In januari 1994 werd tijdens een NAVO-bijeenkomst bepaald dat BMD de hoogste prioriteit moest krijgen. De focus lag puur op Theater Ballistic Missile Defense (TBMD of TMD): de verdediging van eigen militaire eenheden tegen ballistische raketten en geen verdediging van hele gebieden of steden.

Een maand later richtte de Koninklijke Marine een werkgroep op, bestaande uit vertegenwoordigers van de Marinestaf OBS, Militaire Inlichtingendienst KM (MIDKM), TNO-FEL, marine softwarehuis CAWCS en WCS om een mogelijke BMD-capaciteit te onderzoeken voor de toekomstige Luchtverdediging- en Commandofregatten. De LCF'en waren nog in de ontwerpfase, maar men had al wel door dat de reeds gekozen configuratie van Amerikaanse lanceerinrichting en luchtverdedigingsradars mogelijkheden zou bieden aan BMD te doen.
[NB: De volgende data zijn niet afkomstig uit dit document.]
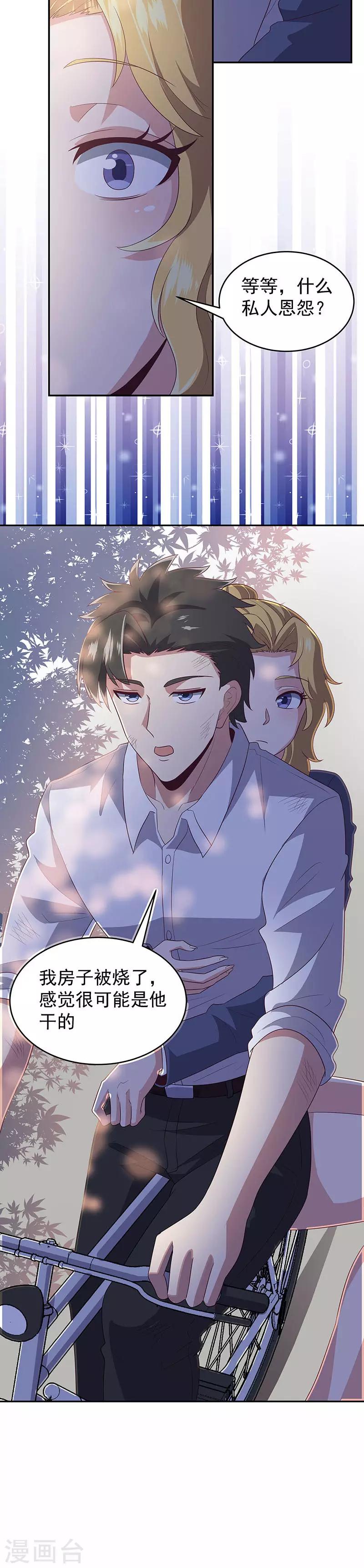 小说妙手狂医漫画,第73话 起火的原因1图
Alleen de Amerikaanse marine was zeer actief op het BMD-terrein. De Koninklijke Marine besefte dat het met het LCF met deze intenties ver voor de Europese collega's uit liep. Waarom de KM in TBMD stapte werd verwoord door LTZ1 F. Sijtsma in het Marineblad van december 1995: "Hiermee kan de KM een bijdrage leveren aan de vermindering van de machteloosheid van het bondgenootschap tegen een aanval van deze steeds talrijker aanwezige wapens. Toch kan, zeker in deze tijd van oplopende bezuinigingen, de vraag worden gesteld of we het ons kunnen veroorloven een TMD-capaciteit aan boord van het LCF te incorporeren. Het antwoord op deze vraag wordt mijns inziens overschaduwd door het antwoord op een andere vraag: kunnen we het ons veroorloven om nu in 1995 een prachtig luchtverdedigings- en commandofregat te ontwerpen, waarin geen rekening wordt gehouden met een dreiging die nu door de NAVO als een van de belangrijkste voor na het jaar 2005 wordt gezien, terwijl een dergelijke capaciteit nu nog tegen relatief geringe meerkosten is te verwerven?" [MB december 1995, pp 344]

In september 1994 kwam de commissie met een positief advies, maar op de voorpagina van de Alle Hens van april 1994 had toen al gestaan: "Rol voor fregatten in schild tegen raketten." Uit dat artikel blijkt dat de focus van de marine in die tijd vooral lag op de Standard Missile 2 Block 4A. Deze raket was een opgevoerde versie van de SM-2 die al gepland was voor de Amerikaanse verticale lanceerinrichting van het LCF, Mk 41 VLS.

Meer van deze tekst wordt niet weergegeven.